Adaptive Strategies in Non-convex Optimization

An algorithm is said to be adaptive to a certain parameter (of the problem) if it does not need a priori knowledge of such a parameter but performs competitively to those that know it. This dissertation presents our work on adaptive algorithms in following scenarios: 1. In the stochastic optimization setting, we only receive stochastic gradients and the level of noise in evaluating them greatly affects the convergence rate. Tuning is typically required when without prior knowledge of the noise scale in order to achieve the optimal rate. Considering this, we designed and analyzed noise-adaptive algorithms that can automatically ensure (near)-optimal rates under different noise scales without knowing it. 2. In training deep neural networks, the scales of gradient magnitudes in each coordinate can scatter across a very wide range unless normalization techniques, like BatchNorm, are employed.
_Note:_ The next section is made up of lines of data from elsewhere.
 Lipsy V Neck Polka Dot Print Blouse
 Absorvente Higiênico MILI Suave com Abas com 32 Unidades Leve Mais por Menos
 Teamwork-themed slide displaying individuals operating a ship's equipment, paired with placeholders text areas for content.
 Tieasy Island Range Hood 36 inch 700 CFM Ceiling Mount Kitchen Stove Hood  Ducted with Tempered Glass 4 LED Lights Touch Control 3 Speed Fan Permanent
In such situations, algorithms not addressing this problem of gradient scales can behave very poorly. To mitigate this, we formally established the advantage of scale-free algorithms that adapt to the gradient scales and presented its real benefits in empirical experiments. 3. Traditional analyses in non-convex optimization typically rely on the smoothness assumption. Yet, this condition does not capture the properties of some deep learning objective functions, including the ones involving Long Short-Term Memory networks and Transformers. Instead, they satisfy a much more relaxed condition, with potentially unbounded smoothness. Under this condition, we show that a generalized SignSGD algorithm can theoretically match the best-known convergence rates obtained by SGD with gradient clipping but does not need explicit clipping at all, and it can empirically match the performance of Adam and beat others. Moreover, it can also be made to automatically adapt to the unknown relaxed smoothness.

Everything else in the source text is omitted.